On a recent rabbit hole of learning, I have been consuming a ton of videos from the YouTube Channel Numberphile, which has ignited a curiosity and love of math that I didn’t know I had. Let me be straight, I have loved math for a long time, but this delightful journey into a variety of topics has proven to shed light on areas I once didn’t understand, connected previously disjoint topics, or shown whole new ideas and concepts that are fun and incredible. In this entry, I wanted to highlight some of that learning and showcase this application.

One on hand, I have learned the following four unique and interesting ideas I previously didn’t know.

1. Operations with shapes
2. Multiplication with halving and doubling
3. Heroes and Super Heroes
4. Ptolemy’s Theorem

On the other hand, I’ve learned a lot about different math ideas of which I will highlight some key features here. The first is understanding and accessing graph theory, which is a topic I first heard about during a talk in graduate school. I remember being completely lost in the talk and not understanding any of how the pieces connected or shared together. After watching a few episodes of Numberphile, where graph theory played a central role, I was able to access the understanding well enough to read a book I’d purchased years prior but was unable to access. Reading Richard Traduea’s “Introduction to Graph Theory” covered many of the concepts highlighted in the Numberphile Videos which was fantastic, but the Numberphile videos made the content seem easy and so accessible.

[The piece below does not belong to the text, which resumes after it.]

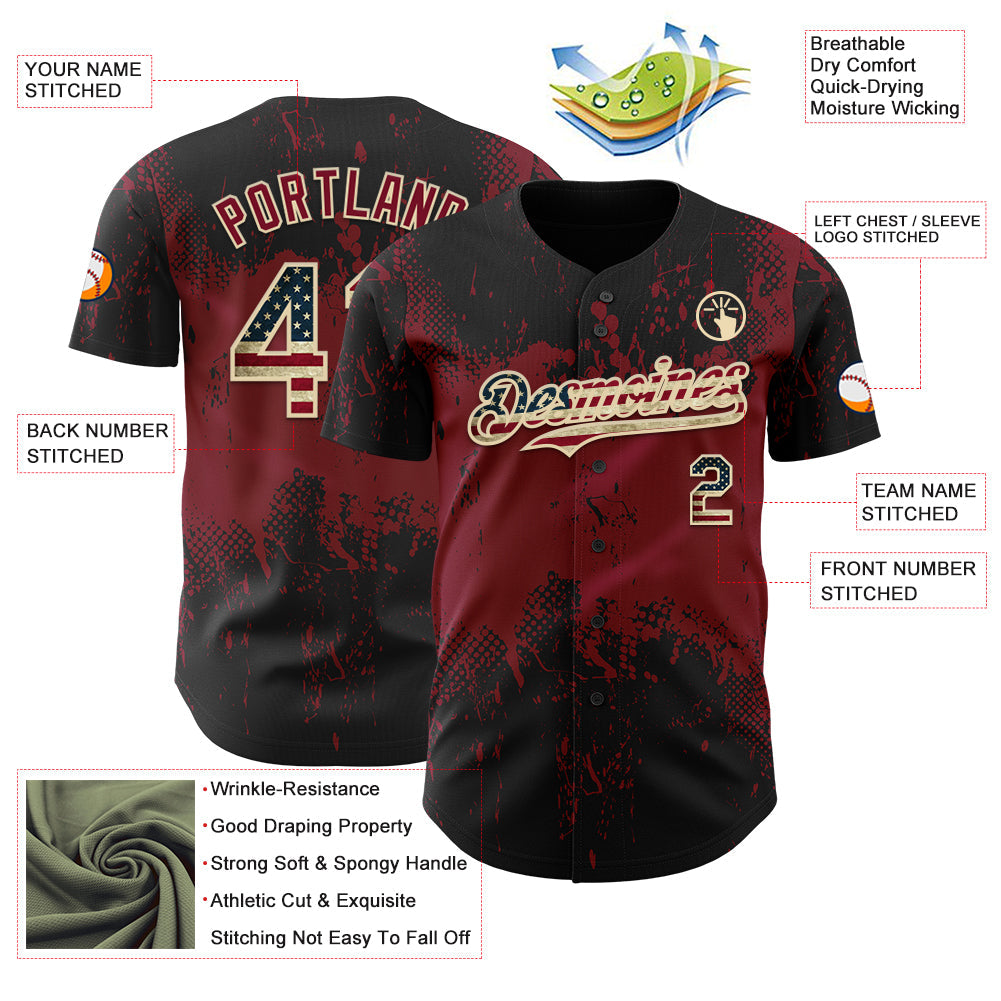 Custom Black Vintage USA Flag Crimson-Cream Abstract Splatter Grunge Paint Authentic Baseball Jersey baseball jersey product view 3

I will write a separate entry for both graph theory and abstract algebra as each warrants its own entry in upcoming discussions.

Returning to the ideas item 1 above, the two items I would like to highlight are the following: 1) Using circles to calculate square roots, and 2) Using parallel lines for multiplication.

Suppose you wish to calculate the square root of 9, you may know that the product of three and itself yields nine, so the square root is three. Here’s the steps:

1. Draw a number line starting at the origin
2. Count off, until you have reached the number you are looking to determine the square root of, in our case, we would count out 9 units.
3. Next, add 1 more to your location, and from 0 to this location (one more than the value you wish to calculate the square root of) will be the diameter of the circle we are constructing. In our case, our diameter is 9+1=10.
4. Now, we construct the center by marking the spot which is half the radius. For our example, we have the ordered pair (5,0), and a radius of 5.
5. Draw the circle.
6. From the location of the point, you wish to determine the square root of, draw a line perpendicular to the axis from the number you wish to know the root of, in our case, we draw a vertical line from 9.
7. When your perpendicular line intersects the circle you constructed earlier, the length of the line you just drew is the desired quantity. In our case, the length turns out to be 3 as expected.

The next example is for parallel lines and finding products. Construct two lines that intersect at any acute angle. Along each line, equally space the distance between integer values marking a progression of increasing values. Suppose you wanted to calculate that the product of 1 and 3, then draw a line connecting 1 from the “horizontal axis” to the 3 on the angled axis. To calculate, another multiple of 3, say 4 times 3, draw a line parallel to your first line through the point 4 on the “horizontal” axis. The point of intersection between the parallel line through 4 and the “acute angled” line will be the resulting product, 12 in our case.

Now comparing the products of two numbers using the halving and doubling strategy made famous by two different nationalities, which we will compare below.

The “Russian” format takes the idea of double and halving in the following format:

1. Write the numbers horizontally
2. Take the first of the two numbers from left to right, and divide it by 2
3. If you get a remainder from the step above, take only the whole number part
4. Continue this process on the left until you reach unity
5. On the right-hand side, double the process until you reach the same level as the one on the left
6. Look at the left column, throw out any even number rows
7. Add up the corresponding values on the right column of the remaining rows

For the Egyptian format, it is a similar process with a few key differences. The process is outlined below:

1. Write the numbers horizontally
2. Below the number of the left, write the number 1
3. Continue to double this number until the result is above the original number
4. Now on the right-hand number, rewrite the same number below it, the 5 in our case
5. Continue to double the number until you have reached the last row equal to the left-hand side
6. Now, use the numbers add up to the first number on the left, so we used 16 and 2, the numbers in the same rows as 16 and 2 are added together to create the resulting product, i,e. 16=80 and 2=10, so 80+10=90.

The Egyptian model is nice since it doesn’t require the halving to remove unwanted quantities and requires you to balance the addition of the two sides.

The unexpected rewards of watching Numberphile has opened up lines of inquiry, connections, and understanding I wouldn’t have expected and has me excited about learning a variety of types of math…though it hasn’t convinced me to say maths….yet.